Data supplied Start Marker
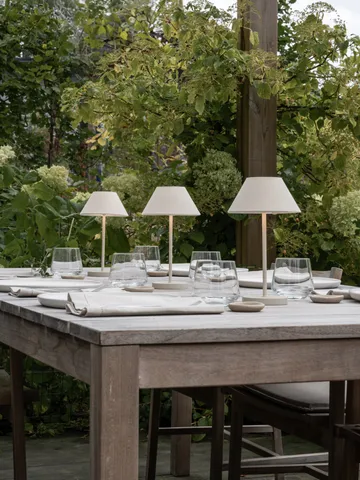 Teya tafellamp portable - Offwhite, Ø15x26 cm - Watt & Veke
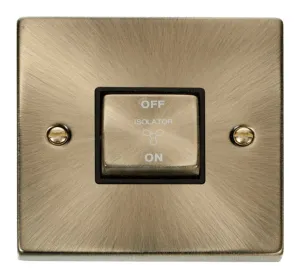10A INGOT 3 POLE FAN ISOLATION PLATE SWITCH
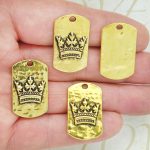 Crown Charms Bulk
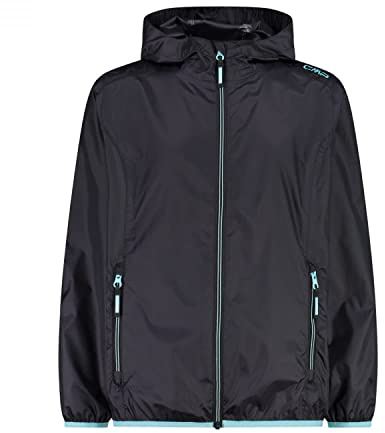 CMP - Kid G-Jacke mit Regenkapuze, Anthrazit-Wasser, 128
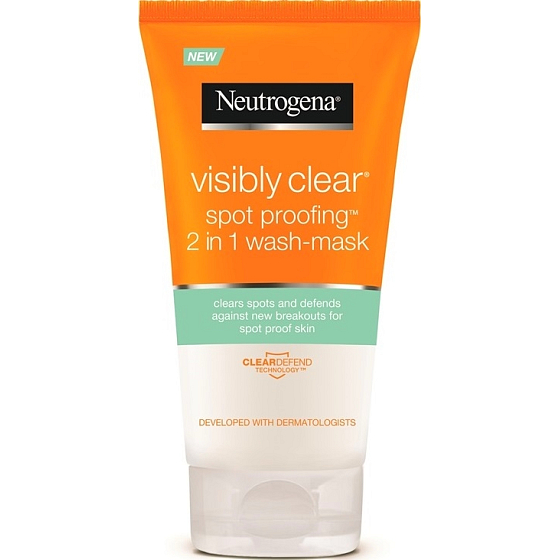 Neutrogena Visibly Clear Spot Proofing 2v1 čisticí emulze a maska 150 ml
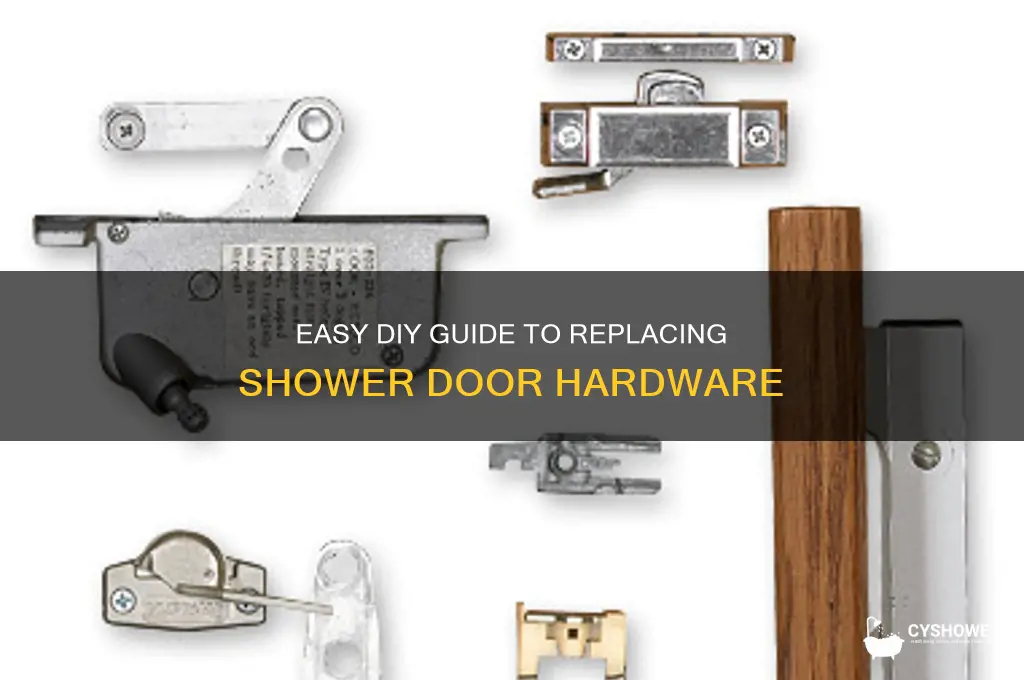 how to replace shower door hardware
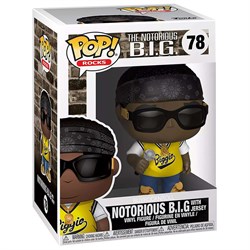 Funko Pop Rocks 78 Notorious B.I.G. w/Jersey 250311 - фото 12454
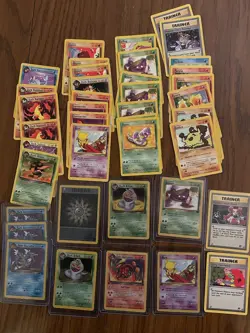 Team Rocket Lot - 42 Cards incl 5 Holo Rares - Pokemon TCG Vintage - Image 1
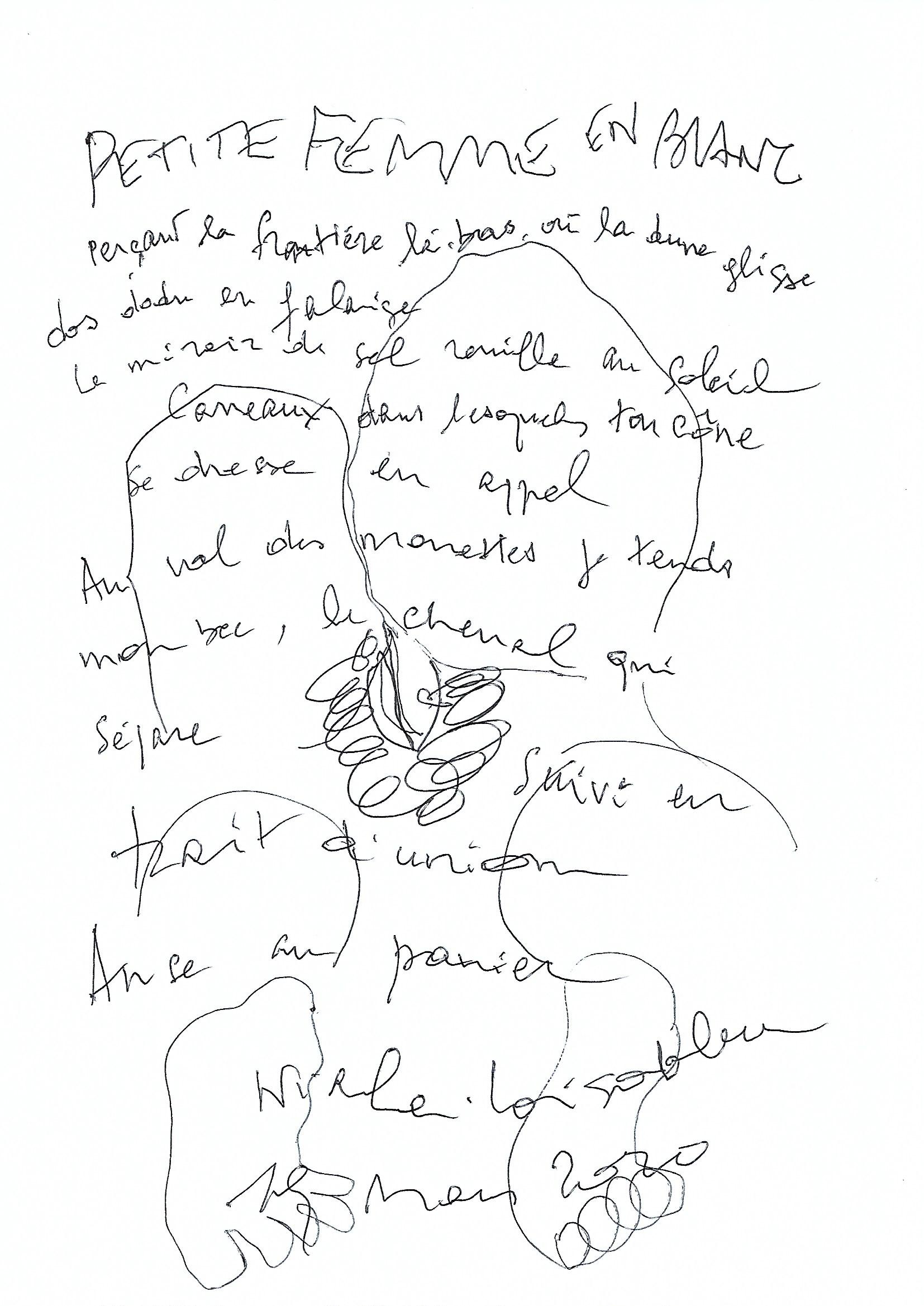 PETITE FEMME EN BLANC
Data supplied End Marker
• **Goal of the exercise**:
Without any pictures, print the whole listing again exactly as it stands.

• **Your response**:
 Teya tafellamp portable - Offwhite, Ø15x26 cm - Watt & Veke
10A INGOT 3 POLE FAN ISOLATION PLATE SWITCH
 Crown Charms Bulk
 CMP - Kid G-Jacke mit Regenkapuze, Anthrazit-Wasser, 128
 Neutrogena Visibly Clear Spot Proofing 2v1 čisticí emulze a maska 150 ml
 how to replace shower door hardware
 Funko Pop Rocks 78 Notorious B.I.G. w/Jersey 250311 - фото 12454
 Team Rocket Lot - 42 Cards incl 5 Holo Rares - Pokemon TCG Vintage - Image 1
 PETITE FEMME EN BLANC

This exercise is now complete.